Читать «Шкатулка с тройным дном» онлайн - страница 12

Инна Львовна Лиснянская

С Кузминым более или менее ясно: критики и читатели, во-первых, до появления, как мне кажется, мощной симфонии Ахматовой, если и очаровывались звучанием «Кони бьются, храпят в испуге…», то, во всяком случае, не искали родословной дивного метра. Во-вторых: стихотворение «Кавалер де Гриэ! — Напрасно…» рассматривалось только как навеянное кузминским стихотворением «Надпись на книге», что — верно, но, к моему огорчению, — без обратной связи. Так, расширяя скудный комментарий издания «Марина Цветаева. Библиотека поэта. 1965 г.» — «Манон Леско — героиня романа аббата Прево», — в американском четырехтомном издании Цветаевой ее исследователь Виктория Швейцер пишет в примечаниях: «Для Цветаевой эти образы были связаны не только с французским романом, но и со стихотворением Кузмина «Надпись на книге», о котором она писала в «Нездешнем вечере»: «А я пятнадцати лет читала Ваше «Зарыта шпагой, не лопатой Манон Леско…» Но дальше я не буду цитировать комментарий, сами прочтете «Нездешний вечер» и как восторгалась в нем этой шпагой юная Цветаева. Но к не полностью мною приведенному комментарию Швейцер можно еще добавить, что кузминская шпага, так остро-счастливо ранившая цветаевскую душу, победно прозвенела и в другом стихотворении Цветаевой:

О, дни, где утро было рай, И полдень рай, и все закаты! Где были шпагами лопаты И замком царственный сарай.

Естественно, что Кузмин не мог не знать «Кавалера…» как отклик на его «Надпись на книге». Возникла у меня и еще одна смутная догадка: почему цветаеведы, а быть может, и сама Цветаева прозевали новый мелос блистательно-изящного стихотворения: есть слабый повод рассмотреть его и как «заготовку-черновик» для цветаевского исступленного, полного отчаянья и надежды стихотворения «Тебе — через сто лет», продолжающего в 1919 году тему: «Моим стихам, как драгоценным винам, настанет свой черед», и адресованного — обратите внимание — Гостю из Будущего! Заканчивается это стихотворение строфой:

Сказать? — Скажу! Небытие — условность. Ты мне сейчас — страстнейший из гостей, И ты откажешь перлу всех любовниц — Во имя той — костей.

Куда скромнее о себе напишет Ахматова в «Решке»:

И тогда из грядущего века Незнакомого человека Пусть посмотрят дерзко глаза, И он мне, отлетевшей тени, Даст охапку мокрой сирени В час, как эта минет гроза.

(Гроза здесь — эпоха.)

Но вернемся к цветаевской строфе из стихотворения «Тебе — через сто лет».
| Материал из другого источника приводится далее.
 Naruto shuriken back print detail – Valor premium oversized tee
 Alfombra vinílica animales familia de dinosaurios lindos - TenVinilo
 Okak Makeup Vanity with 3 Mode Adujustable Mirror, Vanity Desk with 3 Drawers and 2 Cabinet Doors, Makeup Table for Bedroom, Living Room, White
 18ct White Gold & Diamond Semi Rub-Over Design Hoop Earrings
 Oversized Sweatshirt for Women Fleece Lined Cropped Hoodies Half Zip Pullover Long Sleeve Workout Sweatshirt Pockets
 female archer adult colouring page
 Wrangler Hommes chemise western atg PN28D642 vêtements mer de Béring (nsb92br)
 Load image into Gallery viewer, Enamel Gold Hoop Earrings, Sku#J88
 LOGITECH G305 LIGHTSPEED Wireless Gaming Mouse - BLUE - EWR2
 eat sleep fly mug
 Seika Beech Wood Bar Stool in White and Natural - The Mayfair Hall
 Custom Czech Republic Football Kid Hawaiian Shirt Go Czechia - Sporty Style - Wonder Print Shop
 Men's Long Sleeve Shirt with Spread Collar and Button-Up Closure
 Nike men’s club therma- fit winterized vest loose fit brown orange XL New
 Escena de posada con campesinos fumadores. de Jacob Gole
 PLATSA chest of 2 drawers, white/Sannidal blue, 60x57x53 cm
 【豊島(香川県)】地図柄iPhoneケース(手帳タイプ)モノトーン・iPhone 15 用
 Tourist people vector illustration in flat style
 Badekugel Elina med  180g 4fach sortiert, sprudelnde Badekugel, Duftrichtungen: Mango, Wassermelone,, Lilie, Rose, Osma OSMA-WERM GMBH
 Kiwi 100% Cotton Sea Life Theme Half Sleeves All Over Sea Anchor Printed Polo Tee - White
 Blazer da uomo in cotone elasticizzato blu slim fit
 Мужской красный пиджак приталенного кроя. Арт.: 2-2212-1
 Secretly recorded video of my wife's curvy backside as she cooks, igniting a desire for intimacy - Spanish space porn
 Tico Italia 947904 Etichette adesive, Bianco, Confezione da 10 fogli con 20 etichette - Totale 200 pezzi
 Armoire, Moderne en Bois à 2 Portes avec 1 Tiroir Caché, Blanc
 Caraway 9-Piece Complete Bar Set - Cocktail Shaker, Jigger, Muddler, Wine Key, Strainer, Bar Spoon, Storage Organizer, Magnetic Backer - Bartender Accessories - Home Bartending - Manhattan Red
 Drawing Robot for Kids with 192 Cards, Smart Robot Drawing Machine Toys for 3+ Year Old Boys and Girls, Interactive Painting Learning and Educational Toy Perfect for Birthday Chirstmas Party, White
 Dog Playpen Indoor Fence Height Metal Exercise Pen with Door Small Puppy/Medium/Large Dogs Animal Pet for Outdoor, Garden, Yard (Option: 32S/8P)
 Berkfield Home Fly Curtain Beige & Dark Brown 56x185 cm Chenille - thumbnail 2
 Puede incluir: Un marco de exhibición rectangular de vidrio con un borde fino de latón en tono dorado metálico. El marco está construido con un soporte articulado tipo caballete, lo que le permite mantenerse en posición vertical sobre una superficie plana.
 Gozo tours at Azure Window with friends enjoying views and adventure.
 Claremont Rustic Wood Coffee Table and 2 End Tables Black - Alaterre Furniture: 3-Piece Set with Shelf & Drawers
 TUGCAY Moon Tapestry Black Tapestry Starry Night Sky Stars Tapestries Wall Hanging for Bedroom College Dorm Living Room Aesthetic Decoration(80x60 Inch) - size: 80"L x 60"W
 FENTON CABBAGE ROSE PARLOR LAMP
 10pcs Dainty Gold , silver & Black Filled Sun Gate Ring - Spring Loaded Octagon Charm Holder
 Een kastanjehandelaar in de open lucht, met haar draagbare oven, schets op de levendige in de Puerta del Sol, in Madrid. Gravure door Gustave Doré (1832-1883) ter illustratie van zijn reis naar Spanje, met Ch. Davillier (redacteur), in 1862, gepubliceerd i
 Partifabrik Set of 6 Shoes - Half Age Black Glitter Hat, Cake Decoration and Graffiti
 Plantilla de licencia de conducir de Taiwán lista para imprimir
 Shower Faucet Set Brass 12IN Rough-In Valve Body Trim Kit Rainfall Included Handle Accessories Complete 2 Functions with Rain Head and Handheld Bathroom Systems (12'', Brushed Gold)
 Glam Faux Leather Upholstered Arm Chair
Как видите, необычная ассонансная рифма — условность — любовниц — перекочевала из «Кавалера…» в «Тебе — через сто лет»! — ушла от Кавалера де Гриэ к Гостю из Будущего! Из этого, пожалуй, следует, что Цветаева, богатейшая ритмами, не придала должного значения музыке «Кавалера». Хотя и почти повторила ее еще в одном стихотворении. Но об этом не сейчас.